The outcome, which includes low marble benches around the monument itself, is beautifully unobtrusive. When the monument is seen from the Lincoln Memorial, the wall even seems to disappear. This is precisely the creative approach that should have been used around the Gateway Arch in St. Louis.
The trouble is screening people who get into the monument. The National Park Service, which administers the monument, remains concerned about the possibility of a terrorist with a small bomb strapped under a coat or hidden in a backpack, Olin said. Someone like that, he said, could blow up the monument from the inside.
To keep the shaft of the obelisk pure, Olin proposed using an old building at the bottom of the hill for security screening and taking visitors through an underground passageway to the monument. But opponents charged that the plan would disfigure the National Mall and even undermine the monument's structure.

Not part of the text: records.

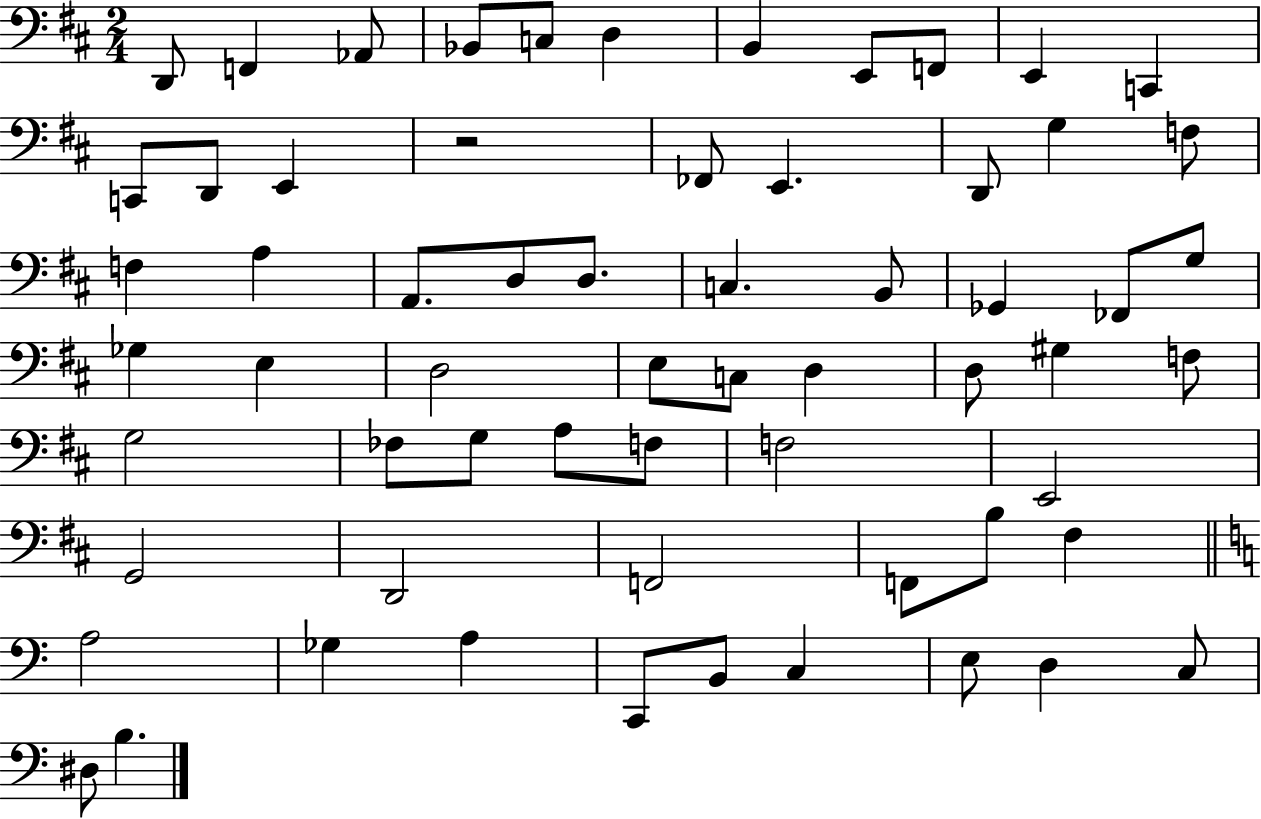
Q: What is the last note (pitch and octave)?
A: B3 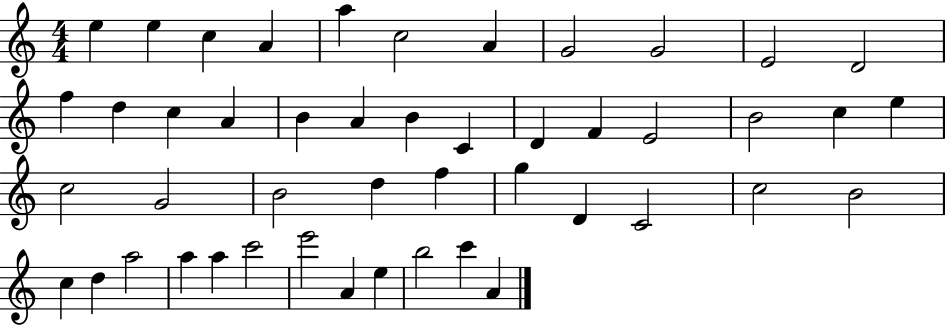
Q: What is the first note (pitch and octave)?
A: E5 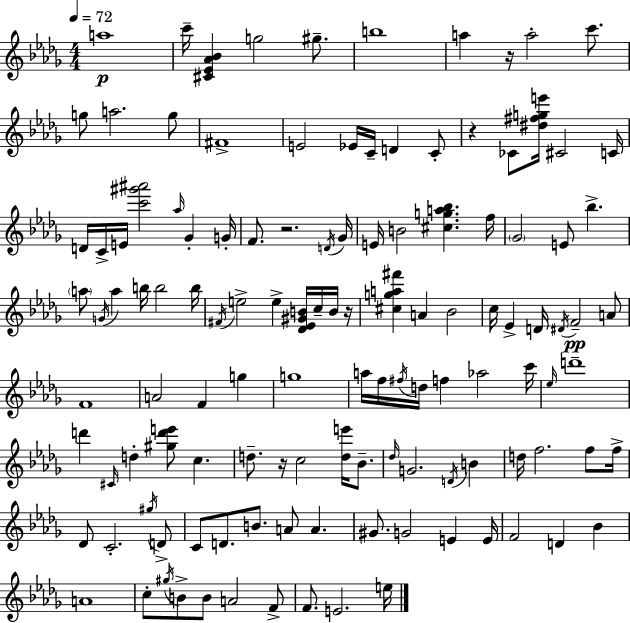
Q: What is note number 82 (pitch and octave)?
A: F5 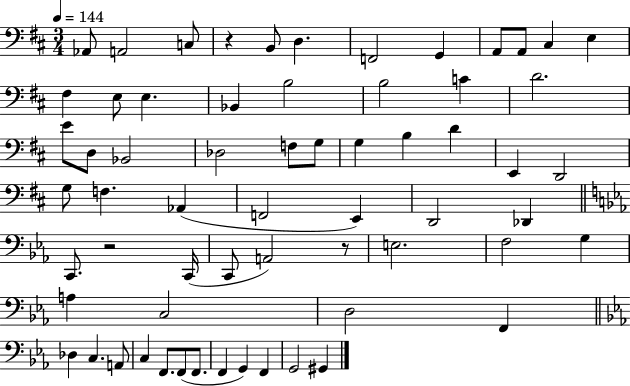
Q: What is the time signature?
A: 3/4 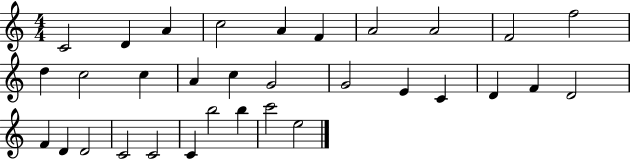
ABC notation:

X:1
T:Untitled
M:4/4
L:1/4
K:C
C2 D A c2 A F A2 A2 F2 f2 d c2 c A c G2 G2 E C D F D2 F D D2 C2 C2 C b2 b c'2 e2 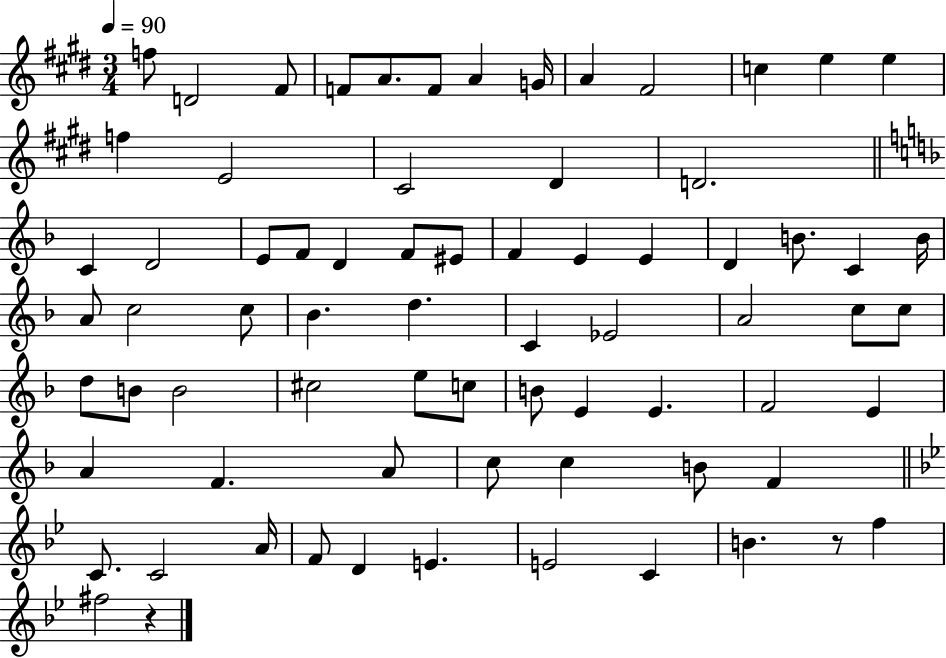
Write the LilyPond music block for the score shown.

{
  \clef treble
  \numericTimeSignature
  \time 3/4
  \key e \major
  \tempo 4 = 90
  f''8 d'2 fis'8 | f'8 a'8. f'8 a'4 g'16 | a'4 fis'2 | c''4 e''4 e''4 | \break f''4 e'2 | cis'2 dis'4 | d'2. | \bar "||" \break \key d \minor c'4 d'2 | e'8 f'8 d'4 f'8 eis'8 | f'4 e'4 e'4 | d'4 b'8. c'4 b'16 | \break a'8 c''2 c''8 | bes'4. d''4. | c'4 ees'2 | a'2 c''8 c''8 | \break d''8 b'8 b'2 | cis''2 e''8 c''8 | b'8 e'4 e'4. | f'2 e'4 | \break a'4 f'4. a'8 | c''8 c''4 b'8 f'4 | \bar "||" \break \key bes \major c'8. c'2 a'16 | f'8 d'4 e'4. | e'2 c'4 | b'4. r8 f''4 | \break fis''2 r4 | \bar "|."
} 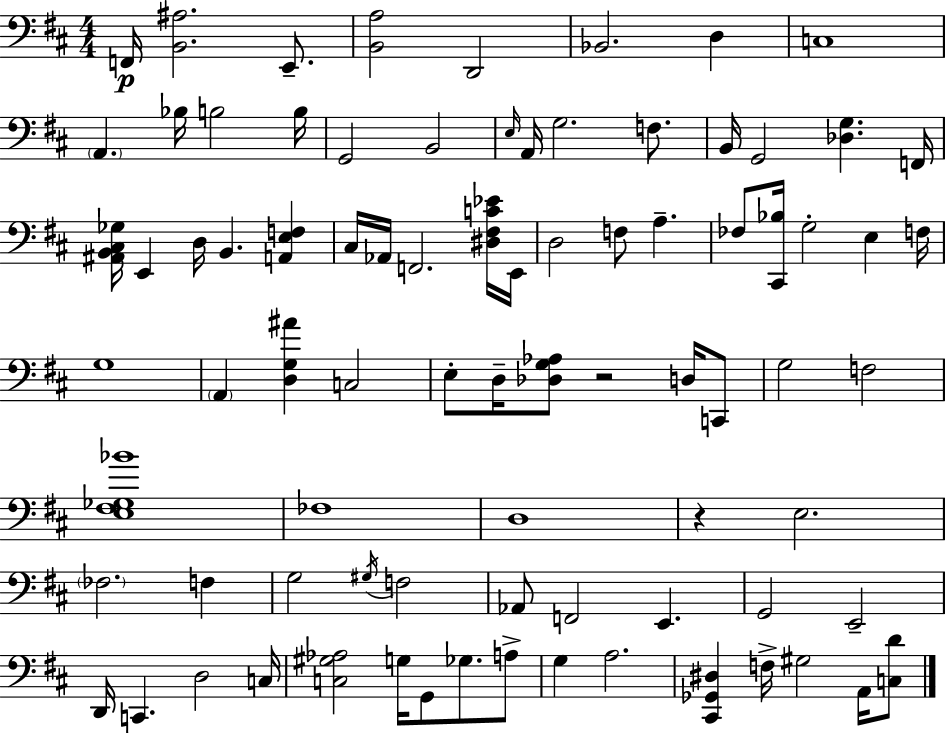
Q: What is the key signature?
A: D major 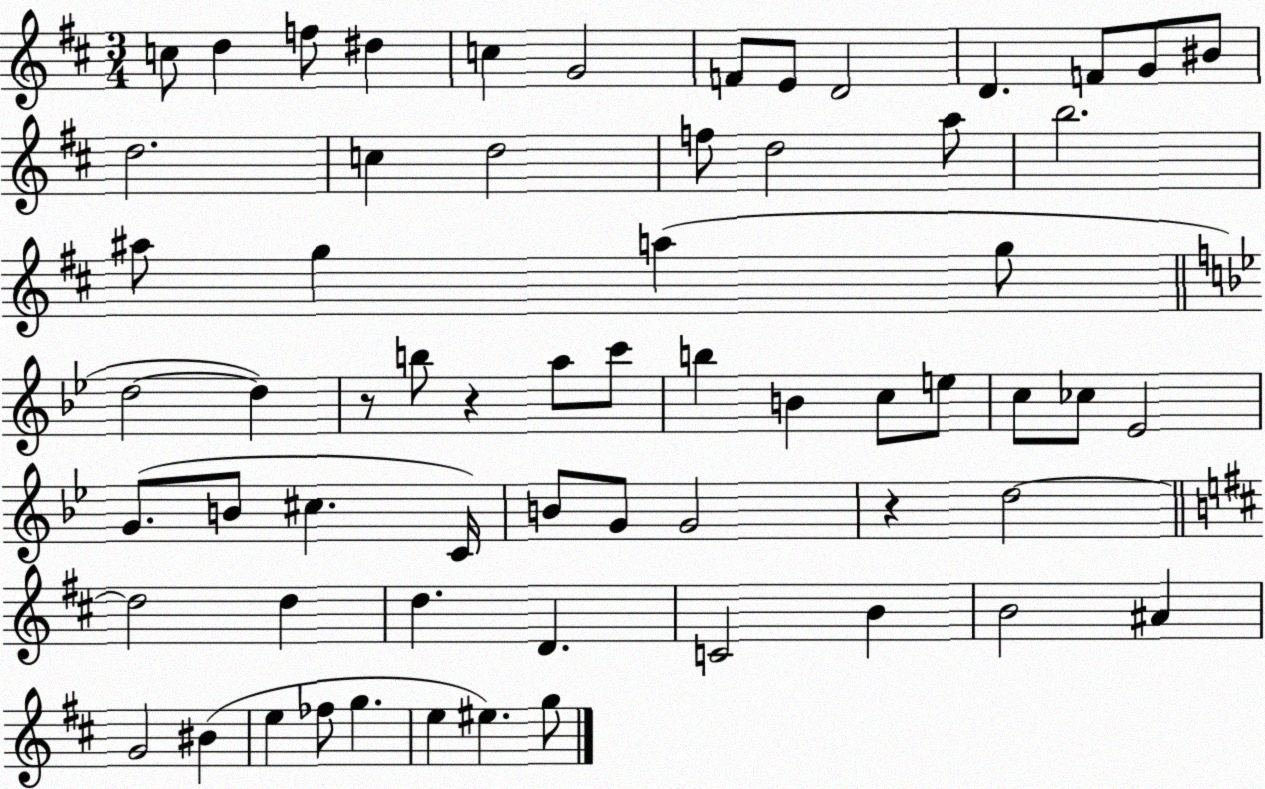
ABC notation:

X:1
T:Untitled
M:3/4
L:1/4
K:D
c/2 d f/2 ^d c G2 F/2 E/2 D2 D F/2 G/2 ^B/2 d2 c d2 f/2 d2 a/2 b2 ^a/2 g a g/2 d2 d z/2 b/2 z a/2 c'/2 b B c/2 e/2 c/2 _c/2 _E2 G/2 B/2 ^c C/4 B/2 G/2 G2 z d2 d2 d d D C2 B B2 ^A G2 ^B e _f/2 g e ^e g/2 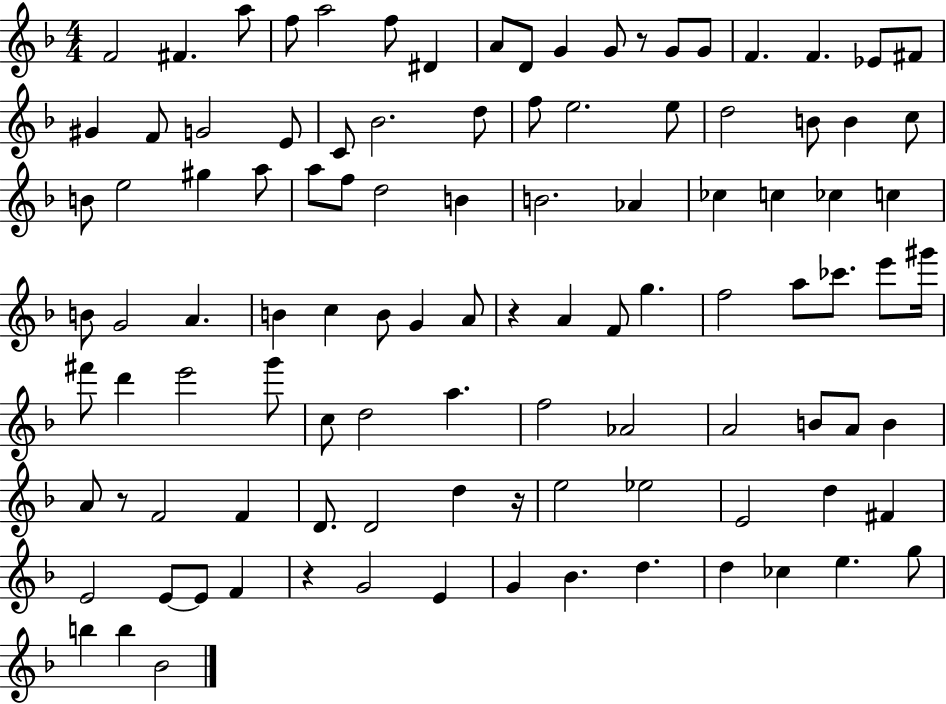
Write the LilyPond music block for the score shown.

{
  \clef treble
  \numericTimeSignature
  \time 4/4
  \key f \major
  \repeat volta 2 { f'2 fis'4. a''8 | f''8 a''2 f''8 dis'4 | a'8 d'8 g'4 g'8 r8 g'8 g'8 | f'4. f'4. ees'8 fis'8 | \break gis'4 f'8 g'2 e'8 | c'8 bes'2. d''8 | f''8 e''2. e''8 | d''2 b'8 b'4 c''8 | \break b'8 e''2 gis''4 a''8 | a''8 f''8 d''2 b'4 | b'2. aes'4 | ces''4 c''4 ces''4 c''4 | \break b'8 g'2 a'4. | b'4 c''4 b'8 g'4 a'8 | r4 a'4 f'8 g''4. | f''2 a''8 ces'''8. e'''8 gis'''16 | \break fis'''8 d'''4 e'''2 g'''8 | c''8 d''2 a''4. | f''2 aes'2 | a'2 b'8 a'8 b'4 | \break a'8 r8 f'2 f'4 | d'8. d'2 d''4 r16 | e''2 ees''2 | e'2 d''4 fis'4 | \break e'2 e'8~~ e'8 f'4 | r4 g'2 e'4 | g'4 bes'4. d''4. | d''4 ces''4 e''4. g''8 | \break b''4 b''4 bes'2 | } \bar "|."
} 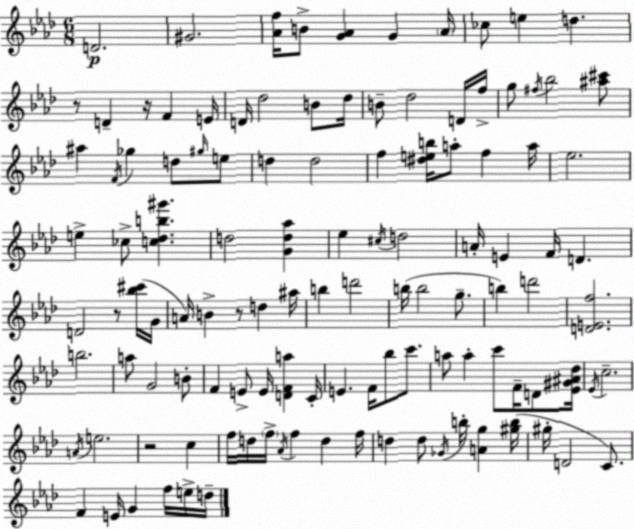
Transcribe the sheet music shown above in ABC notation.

X:1
T:Untitled
M:6/8
L:1/4
K:Fm
D2 ^G2 [_Af]/4 B/2 [G_A] G _A/4 _c/2 e d z/2 D z/4 F E/4 D/4 _d2 B/2 _d/4 B/2 _d2 D/4 f/4 g/2 ^f/4 _b2 [^a^c']/2 ^a F/4 _g d/2 ^g/4 e/2 d d2 f [^deb]/4 a/2 f a/4 _e2 e _c/2 [c_db^g'] d2 [Gd_a] _e ^c/4 d2 A/4 E F/4 D D2 z/2 [_b^c']/4 G/4 A/4 B z/2 d ^a/4 b d'2 b/4 b2 g/2 b d'2 [DEf]2 b2 a/2 G2 B/2 F E/2 E/4 [DFa] C/4 E F/4 _b/2 c'/2 a/2 a c'/2 F/4 D/2 [_E^G^A_d]/4 _E/4 c2 A/4 e2 z2 c f/4 d/4 f/4 _A/4 f d f/4 d d/2 _G/4 b/4 [Ag] [^gb]/4 ^g/4 D2 C/2 F E/4 G f/4 e/4 d/4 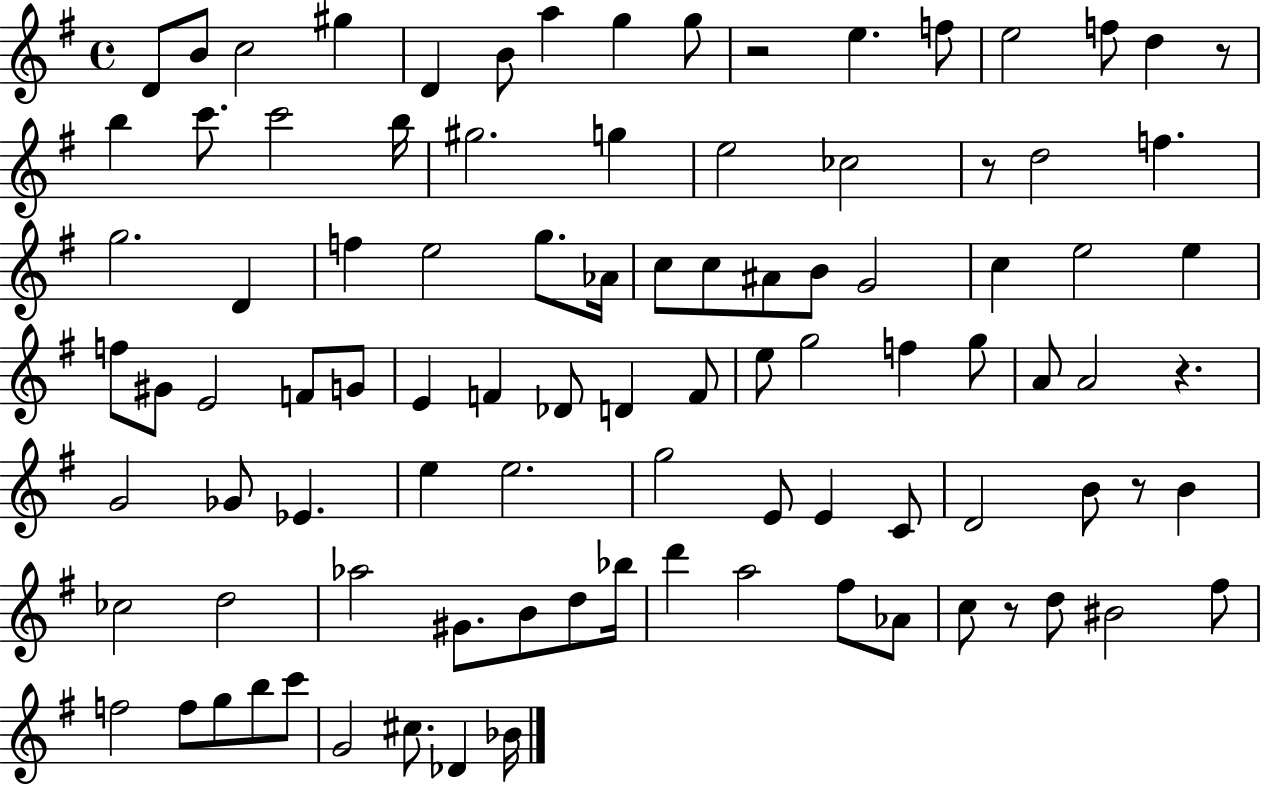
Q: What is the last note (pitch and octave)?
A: Bb4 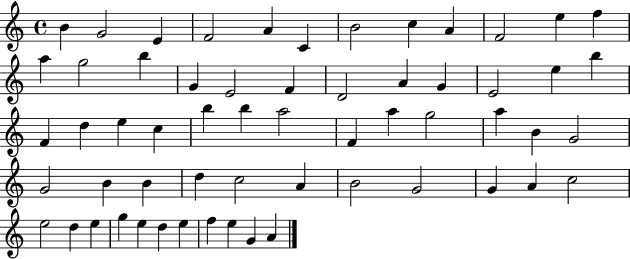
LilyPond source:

{
  \clef treble
  \time 4/4
  \defaultTimeSignature
  \key c \major
  b'4 g'2 e'4 | f'2 a'4 c'4 | b'2 c''4 a'4 | f'2 e''4 f''4 | \break a''4 g''2 b''4 | g'4 e'2 f'4 | d'2 a'4 g'4 | e'2 e''4 b''4 | \break f'4 d''4 e''4 c''4 | b''4 b''4 a''2 | f'4 a''4 g''2 | a''4 b'4 g'2 | \break g'2 b'4 b'4 | d''4 c''2 a'4 | b'2 g'2 | g'4 a'4 c''2 | \break e''2 d''4 e''4 | g''4 e''4 d''4 e''4 | f''4 e''4 g'4 a'4 | \bar "|."
}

So today, there is a screening facility attached to the base of the monument, one that looks absolutely foolish in its attempt to echo the monument's monumental blocks of Maryland marble. The screening booth sticks out like a fat toe. It constitutes a highly visible reminder of how far Washington and the nation still have to go when it comes to satisfying the needs of both security and design, and thereby protecting the public buildings and public spaces that both symbolize and sustain community.